U.S. Immigration and Customs Enforcement (ICE) plans to destroy thousands of records documenting horrific treatment of immigrants in the agency’s custody. The records contain vital details about people’s experience in immigration detention. They include information about deaths in detention, investigations into sexual and physical abuse, and medical and civil rights complaints.
In response to ICE’s plans, several nonprofits filed Freedom of Information Act (FOIA) requests on Tuesday. The FOIA requests asked for records the National Archives and Records Administration (NARA) categorized as “temporary.” The records are all scheduled to be destroyed at some point in the future with some exceptions. But if someone asks for the records through a FOIA request, they cannot be destroyed.

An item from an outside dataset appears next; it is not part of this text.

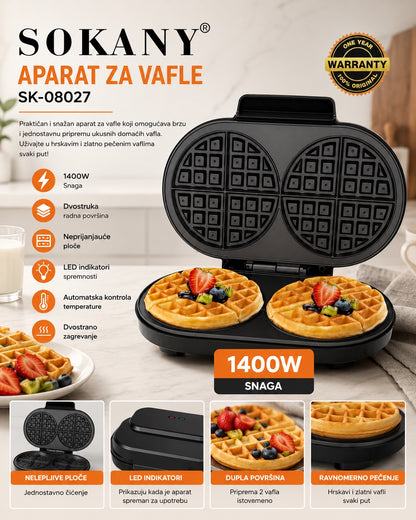 Dupli Aparat za Vafle Sokany SK-08027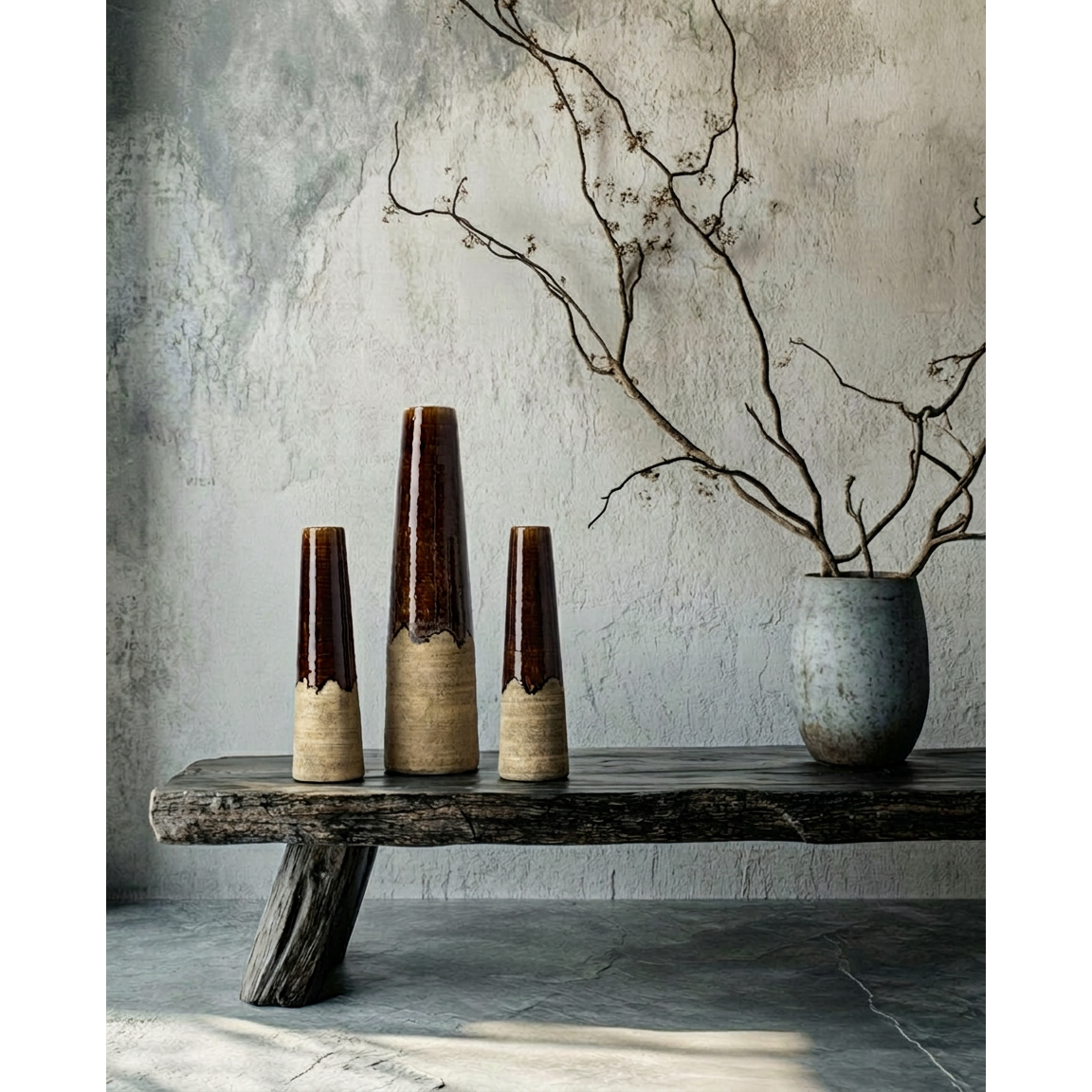 Die Amber Cone Vase – Betonbraun – M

Records destruction is not new. Agencies can destroy certain records according to a schedule NARA approves. But ICE’s scheduled records destruction has received a lot of attention due to the sensitive nature of the records.
There is also concern that certain types of records could be destroyed after only a few years. Complaints about inadequate medical treatment and other civil rights violations, for example, potentially have a short shelf life. These documents are slated for destruction only three years after the DHS Office for Civil Rights and Civil Liberties accepts ICE’s response to the complaint.
NARA said it received an all-time high number of comments from the public after publishing its initial record schedule in 2017. After considering the comments, NARA made some changes.
It recommended that Death Review Files created by the ICE Office of Professional Responsibility (OPR) be permanently preserved. It also guaranteed that sexual assault and abuse records would be maintained for 25 years.
Advocates, historians, and archivists have questioned why NARA views the historical importance of many of the documents differently.
NARA said the decision to destroy the records “does not mean that the activities the records document are unimportant, or that the records lack any research use.” Instead, it argues the records are more important to researchers now than in the future.
Archivists point out there are countless ways that the information would be significant in the future.
For example, ICE Enforcement and Removal Operations’ Detainee Death Review Files—different from the OPR Death Review Files—provide comprehensive documentation of deaths in detention. Segregation Reports describe why certain people are separately detained and provide other details including whether a person is part of the LGBTQ community.
The American Immigration Council, the ACLU, the National Immigrant Justice Center and the National Immigration Law Center filed Tuesday’s FOIA requests.
Many years from now these records will help us measure the impact of our current immigration policies.
The efforts to stop the records’ destruction remind us that transparency should be valued. It is necessary to help ensure a more open and fair immigration system in the future.